The following is a contributed article by Ben Prochazka, Executive Director, Electrification Coalition; Dr. Shelley Francis, Co-Founder and Director, EVHybridNoire; Jeff Allen, Executive Director, Forth; and Joel Levin, Executive Director, Plug In America.
Electrifying the American transportation system is necessary and inevitable — the only real question is if we'll do it quickly enough. For too long, the United States has failed to commit to the policies and investments needed to foster widespread electric vehicle adoption. We need Congress to take decisive action now in support of transportation electrification to protect public health, avert the worst impacts of climate change and ensure America's competitiveness in the global auto industry.
China and Europe have charged ahead of us on electrification, wildfires are burning down communities, high rates of asthma plague Americans of all ages, and historically disadvantaged communities continue to be exposed to harmful vehicle emissions at disproportionate levels. In 2020, petroleum products still accounted for about 90% of the U.S. transportation sector's total energy use, and transportation remains the largest source of our country's greenhouse gas emissions.
The White House took important steps last month in announcing stronger vehicle emissions standards and a goal of making half of all new vehicles sold zero-emission vehicles by 2030. These actions and targets help create market certainty and demonstrate a new resolve to loosen oil's grip on the movement of goods and people. Lawmakers must now step up to the plate by allocating federal resources at levels sufficient to address the grave challenges we face.
President Biden's American Jobs Plan called for $174 billion in federal funding for electrification by 2030. Its priorities include installing 500,000 new EV chargers, electrifying school and transit buses, providing EV purchase incentives, retooling U.S. auto factories and retraining workers for the manufacturing and technician jobs of the future. However, the bipartisan infrastructure deal that passed the Senate reduces EV investments to just $13.6 billion. A proposed $15 billion investment in charging infrastructure, for instance, was whittled down to just $5 billion through the national EV program and $2.5 billion through a grants-based system — not nearly enough to install the half-million chargers the administration has called for. These types of concessions bypass a once-in-a-generation opportunity to ensure that American transportation remains competitive on the global stage.
We face serious economic risks by ceding leadership to China and Europe in EV policy support, EV manufacturing, charging infrastructure development, and supply-chain reshoring. As Congress moves through the reconciliation process, bipartisan support is vital to prepare our nation's automotive sector for inevitable global electrification. At stake are the transportation and technology jobs of the future, including the nearly 10 million jobs the auto industry currently supports.
Analysis from Securing America's Future Energy found that robust investments in electrification would yield hundreds of thousands of American jobs over the next five years. For example, a $12.5 billion investment in school bus electrification would add almost 60,000 jobs. The current version of the infrastructure bill contains just $2.5 billion. China's continued dominance in electrification would result in a severe competitive disadvantage for the United States, sending jobs, new investments and intellectual capital overseas.
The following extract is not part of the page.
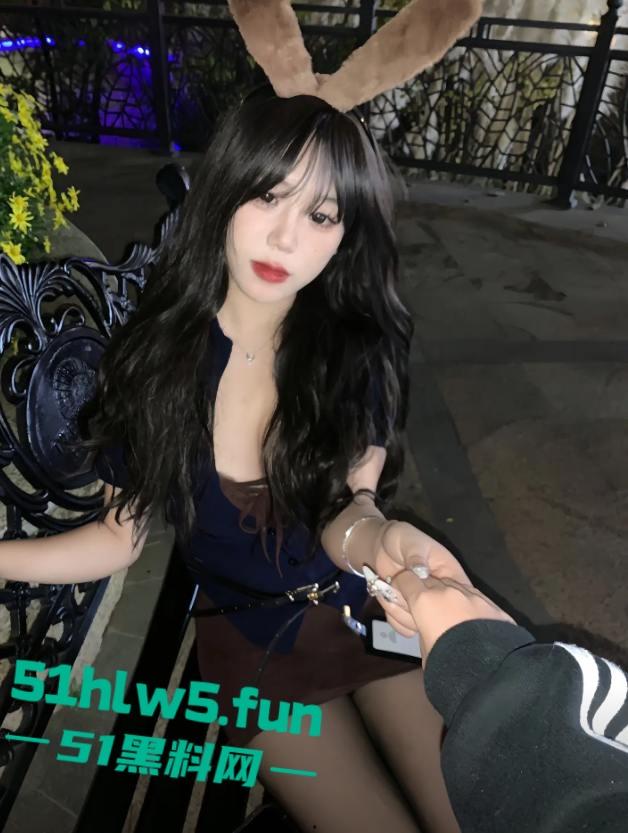 完美身材女研究生【张馨颖】白天是高冷学霸御姐,晚上秒变性感辣妹背着男友约炮体育生,激情爆操内射骚穴。-6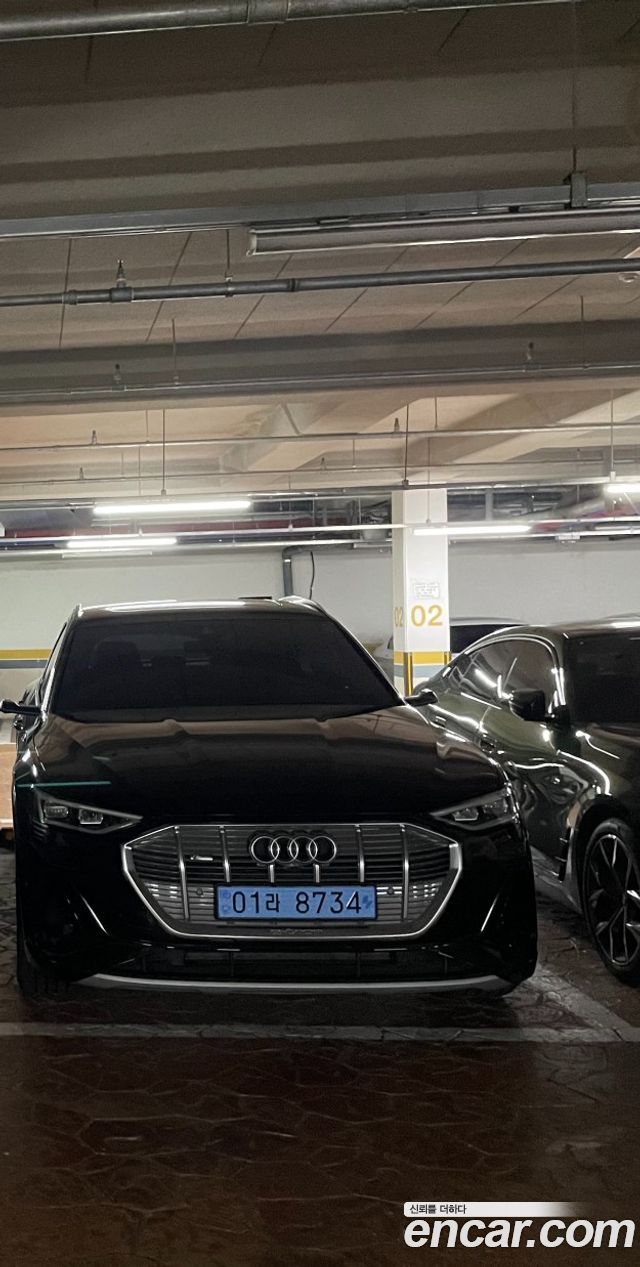Audi e-tron 55 Quattro Sportback — пробег 38 000 км — фото 4 из 4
Meaningful federal investments in electrification stand to benefit not only those Americans connected to the automotive industry. An accelerated transition to EVs would drastically reduce tailpipe emissions, substantially improving air quality, especially for historically marginalized communities. According to analysis by the American Lung Association, aggressive electrification would avert 6,300 premature deaths, 93,000 asthma attacks and 416,000 missed work days every year in the United States.
Robust investments in electrification are also essential to the United States' ability to protect us all from the climate crisis. As wildfires swallow entire communities in the West, hurricanes ravage the Gulf states and Eastern Seaboard, and flooding plagues the Midwest, lawmakers must acknowledge the consequences of our nation's greenhouse gas emissions. A nationwide transition to EVs, powered by an electrical grid that grows cleaner every year, is fundamental to avoiding irreversible ecological, social and political upheaval that results from climate change.
Importantly, policy efforts to accelerate transportation electrification should focus on the needs of disadvantaged communities. Existing stark inequalities demonstrate the lasting impacts that historically inequitable infrastructure systems have had on the economic and social development of many communities, especially those from underrepresented and Black, Indigenous, and People of Color groups. Policymakers must invest directly in these communities to effectively reshape the transportation ecosystem to one that is more safe, affordable, accessible and built in the United States.
We call on Congress to take immediate action to salvage American leadership in clean transportation by funding the remainder of the administration's electric vehicle and charging infrastructure proposals. Congressional leaders must address research and development, purchase incentives, charging along interstate corridors, workplace charging, and incentives to expand EV manufacturing and supply chains nationwide. We need a commitment from lawmakers to respond to the magnitude of the economic, environmental and public health challenges before us. We need policies that will put our nation in the driver's seat of the global electric transportation future.